→ **Work request**
Using the material below, work out how many lines contain "dalam". Only the number is wanted.

→ **Data shown**
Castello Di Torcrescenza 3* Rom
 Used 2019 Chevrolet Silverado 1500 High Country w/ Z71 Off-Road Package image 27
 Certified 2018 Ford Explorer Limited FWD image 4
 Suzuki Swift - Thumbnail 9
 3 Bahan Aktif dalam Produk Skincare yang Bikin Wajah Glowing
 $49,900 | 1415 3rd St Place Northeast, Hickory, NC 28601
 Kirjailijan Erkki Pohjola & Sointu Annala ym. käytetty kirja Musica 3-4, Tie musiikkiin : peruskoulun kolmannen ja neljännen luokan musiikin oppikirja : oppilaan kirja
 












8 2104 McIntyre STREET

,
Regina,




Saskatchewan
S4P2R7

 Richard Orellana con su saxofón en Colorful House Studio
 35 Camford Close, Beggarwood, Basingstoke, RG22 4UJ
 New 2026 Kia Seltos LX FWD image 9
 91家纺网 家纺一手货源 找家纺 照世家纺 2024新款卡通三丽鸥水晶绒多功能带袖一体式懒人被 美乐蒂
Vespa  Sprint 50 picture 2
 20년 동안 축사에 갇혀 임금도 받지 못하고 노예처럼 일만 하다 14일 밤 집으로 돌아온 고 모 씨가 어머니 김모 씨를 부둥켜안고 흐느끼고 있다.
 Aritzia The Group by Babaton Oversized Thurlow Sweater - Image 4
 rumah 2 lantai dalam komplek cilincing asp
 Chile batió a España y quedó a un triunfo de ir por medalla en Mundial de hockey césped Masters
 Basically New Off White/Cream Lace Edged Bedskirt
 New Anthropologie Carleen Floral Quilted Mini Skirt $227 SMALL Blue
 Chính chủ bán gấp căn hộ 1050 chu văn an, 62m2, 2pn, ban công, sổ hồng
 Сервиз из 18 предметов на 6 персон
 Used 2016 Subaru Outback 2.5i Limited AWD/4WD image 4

→ **Response to this task**
2